E qual tem sido a estratégia compensatória para os jovens a quem se negou o Ensino Médio ou se deu um Ensino Médio precário para inseri-los no mundo da produção, agora já sob o que se denominou “Terceira Revolução Industrial”, em que a ciência é a mola mestra? No início da década de 1940, com o surto de desenvolvimento pela substituição de importações, foram criados o Serviço Nacional de Aprendizagem Industrial (Senai) e o Serviço Nacional de Aprendizagem Comercial (Senac), que ao longo do tempo constituíram-se no Sistema S, hoje com uma dezena de instituições, gerido privadamente com o fundo público compulsório e sem amplo controle da sociedade.
Um breve retrospecto revela que, em cada ciclo virtuoso de crescimento, o país é surpreendido com falta de mão de obra qualificada. A estratégia é a criação de programas com determinado tempo de duração. No início da década de 1960, criou-se o Programa Intensivo de Formação de Mão de Obra Industrial (Pipmoi), que em seguida foi estendido a todas as áreas da economia, sendo transformado em Programa Intensivo de Formação de Mão de Obra (Pipmo), um programa inicialmente proposto para durar 20 meses e se estendeu por 19 anos. No final da década de 1990 criou-se o Plano Nacional de Formação Profissional (Planfor) e, no início da primeira década do século XXI, o Plano Nacional de Qualificação (PNQ).
O surpreendente é que, depois de quase uma década de governo de um ex-líder operário, Luiz Inácio Lula da Silva, e de sua sucessora, Dilma Rousseff, com nome diverso, criou-se em 2011 o Programa Nacional de Acesso ao Ensino Técnico e Emprego (Pronatec).
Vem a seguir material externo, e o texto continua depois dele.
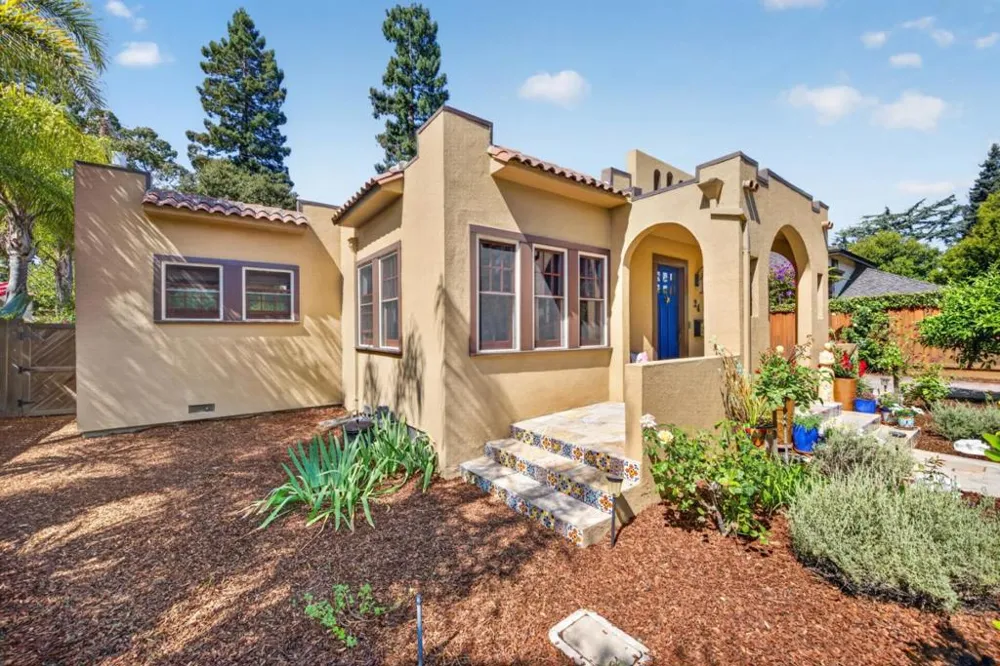 24 Fulton Street Redwood City, CA 94062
Um programa que, tirando sua amplitude e o volume gigantesco de recursos investidos, reedita o Pipmo. O Pronatec é um programa que busca responder à necessidade de trabalhadores no contexto em que se retoma a palavra desenvolvimento, que, mesmo em sua acepção modernizadora, havia desaparecido do vocabulário político e econômico. Em seu lugar, os guardiões do capital financeiro, industrial, agroindustrial e de serviços, com a sistemática repetição na grande mídia vinculada a eles, cunharam os vocábulos de economias emergentes e mercados emergentes.
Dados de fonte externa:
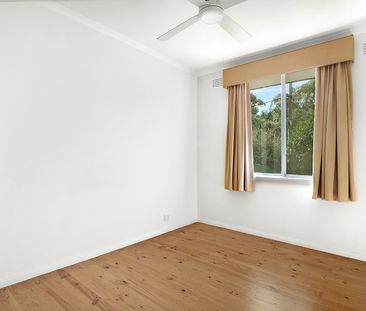 Recently Renovated, Great Location - Photo 4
Esses mesmos guardiões, pela voz de seus intelectuais, produziram a expressão “apagão educacional”, reclamando do governo a falta de mão de obra qualificada. Uma realidade, pois de fato o Brasil está importando quadros de profissionais qualificados para os empregos ligados ao trabalho complexo. Mas o cínico é que os responsáveis por este “apagão”, no passado e no presente, são os que dele reclamam. A prova inequívoca disso é que os seus representantes no parlamento protelaram por quatro anos a aprovação do Plano Nacional de Educação (PNE) construído no debate e negociação nas instituições científicas, sindicatos e movimentos sociais, sobretudo os relacionados com a educação.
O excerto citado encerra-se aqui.